Gordy, Brenda, Jason and Zach had made the Marion-to-Madison venture on March 2, 2017; Matt stayed home to watch the family dog. Jordan was a true freshman on a young Iowa team trying to make a late-season push for the NCAA Tournament, and the Badgers were in the fight for a Big Ten title.

Down 57-56, McCaffery drew up a play for senior guard Peter Jok, the Big Ten’s leading scorer. Bohannon fed him the ball in the lane, but his curling 12-footer hit the back iron. Iowa’s Cordell Pemsl nabbed the rebound after Wisconsin’s Nigel Hayes (a close friend of Zach’s) mistimed his jump.

Pemsl saw Bohannon open on the left wing.

“I talked to (Hayes) after the fact,” Zach says, “and he’s like, ‘Right when I saw the ball headed into your brother’s direction, all I could think was, oh (crap).’”

Bohannon swished a 3-pointer with 9 seconds to go, just one of many clutch late-game shots he’s made over his five years at Iowa. Though this was now four years ago, Bohannon still says it might rank as his most memorable shot as a Hawkeye. Bohannon held his follow-through a little longer, seemingly knowing it was good from the time he released it.

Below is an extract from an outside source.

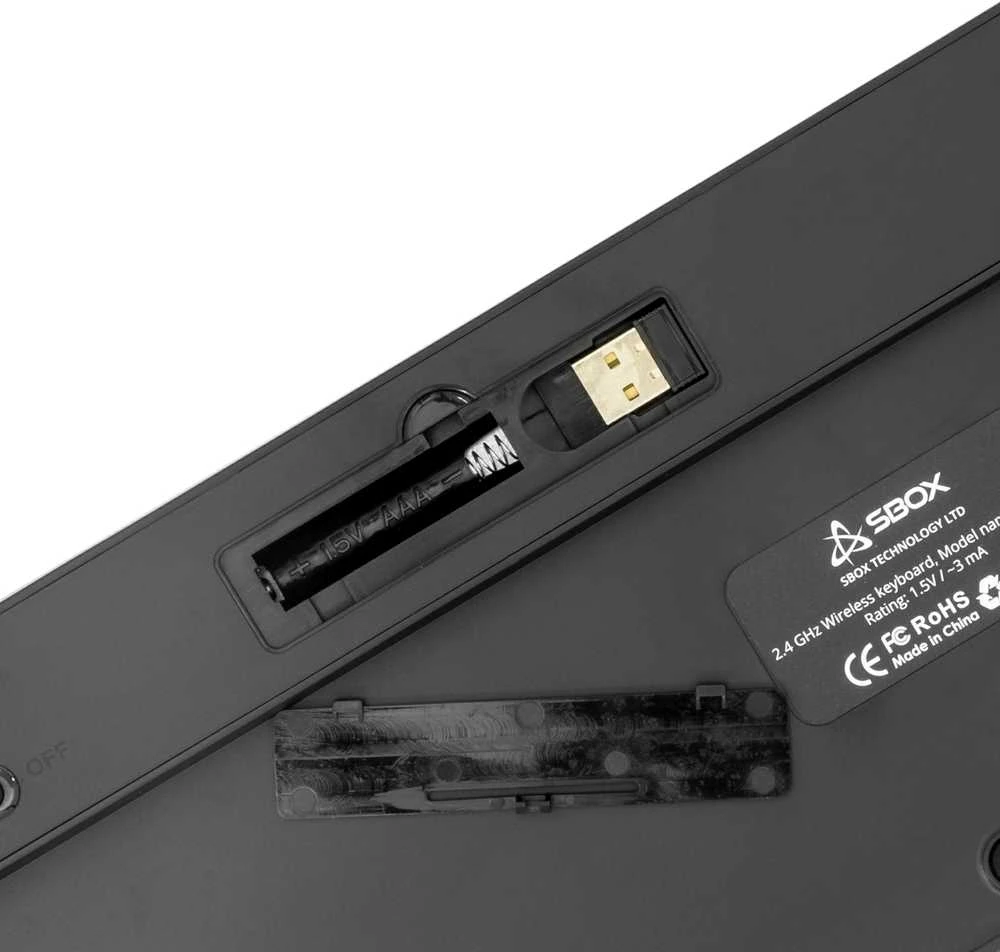 Klaviatūra Sbox WK-26 US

"That kid's a gamer," McCaffery says. "He's always been a gamer." 

The Hawkeyes got a stop on the other end and won, 59-57.

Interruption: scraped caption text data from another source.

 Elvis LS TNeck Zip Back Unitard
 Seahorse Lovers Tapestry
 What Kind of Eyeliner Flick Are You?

And there were Jason and Zach Bohannon, who had their senior nights in Wisconsin red-and-white in this very building, going ballistic over a Hawkeye win against their alma mater.

"It was weird being on the other side of things there,” Jason says. “Jordan was definitely used to shooting there by (then), and it definitely showed up.”

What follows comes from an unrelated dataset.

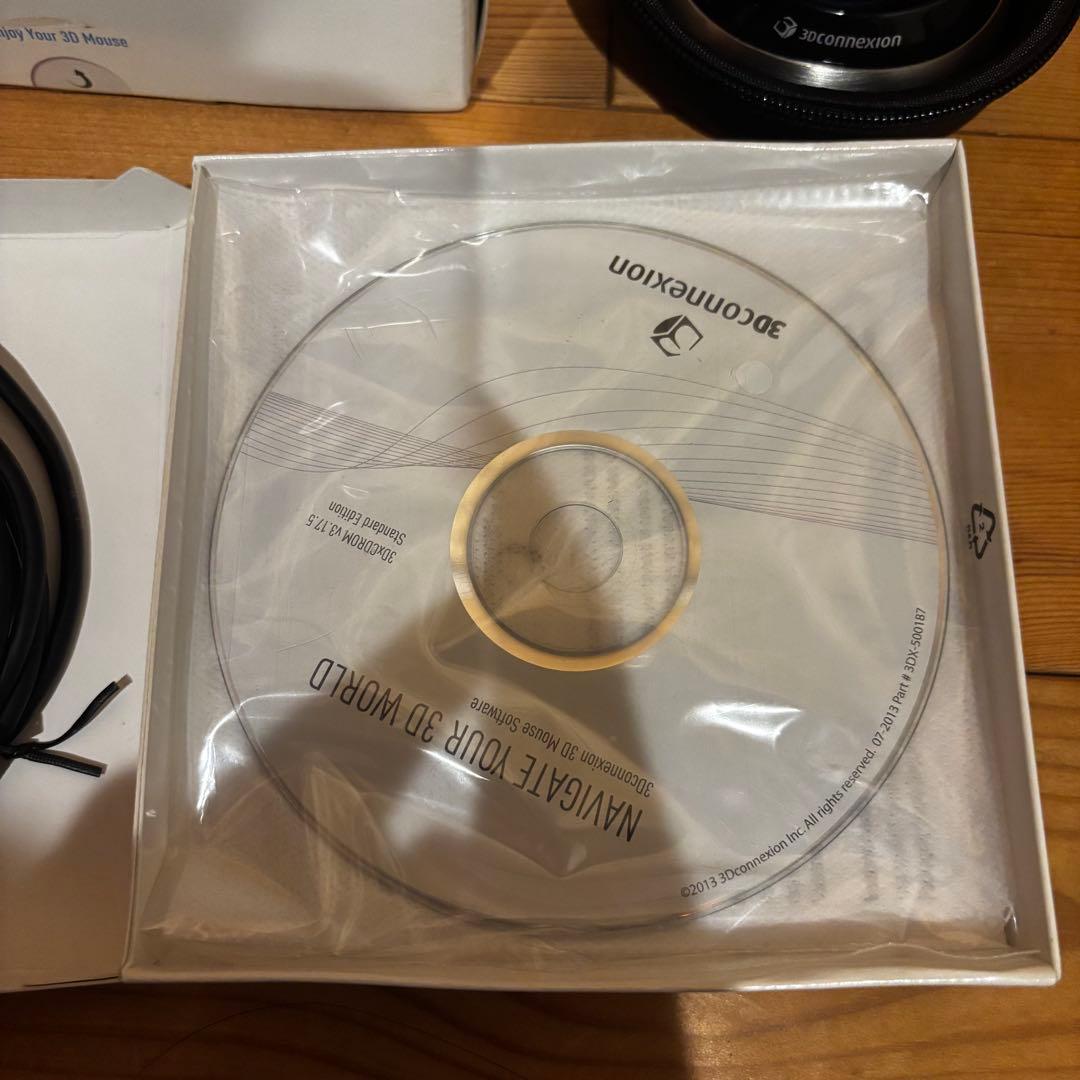 マウス・トラックボール 3D connexion SpaceMouse Wireless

Fans aren't allowed in the Kohl Center on Thursday.

That includes families, which means the final time a Bohannon plays there — and Jordan says this is the last time, he’s not planning to come back next season — Gordy and Brenda will be watching from home.

On that topic, there's more joy than emotion or sadness in Brenda's voice.

While she laughs in saying that Jordan “challenged us in some areas that maybe the other ones didn’t,” she knows he’s overcome a lot of doubters and years of injuries (plantar fasciitis as a sophomore, two hip surgeries in 2019) to get to this point.

“I’m so proud of him that he doesn’t let many things bother him,” Brenda says. “He really does have the mentality that everything will work out.”

Brenda Bohannon is pictured with her No. 3 jersey (worn by youngest son Jordan) and Bailey, the family bulldog.

Is he the best of the Bohannon brothers? The statistics would say yes. Jason agrees: “I don’t think it’s even an argument.”

Jordan has 1,519 points (349 more than Matt, No. 15 in Iowa history), 599 assists (237 more than his three brothers combined and 14 away from breaking Jeff Horner’s Iowa record) and 337 3-pointers (69 more than Matt and No. 2 on the Big Ten’s all-time list) … and counting.

Always a contrarian, Zach jumps in.

“In our family, we don’t count personal accolades,” he says, “we count championships.”

Jordan is the only one of the four who didn't win a state title at Linn-Mar. Jason and Matt won conference championships in college; Jordan hasn't. Zach went to the Final Four; Iowa hasn't been since 1980.

Jordan knows he's got a little more to prove. And he wouldn't have it any other way.

Thursday offers another spotlight chance to enhance his Iowa legacy. While Jordan still professes love and respect for Wisconsin and the coaches there, he sure would love to beat them.

What a story it would be, if the kid who has been making shots in the Kohl Center for 15 years walks out of there Thursday, for the last time, with a Hawkeye win.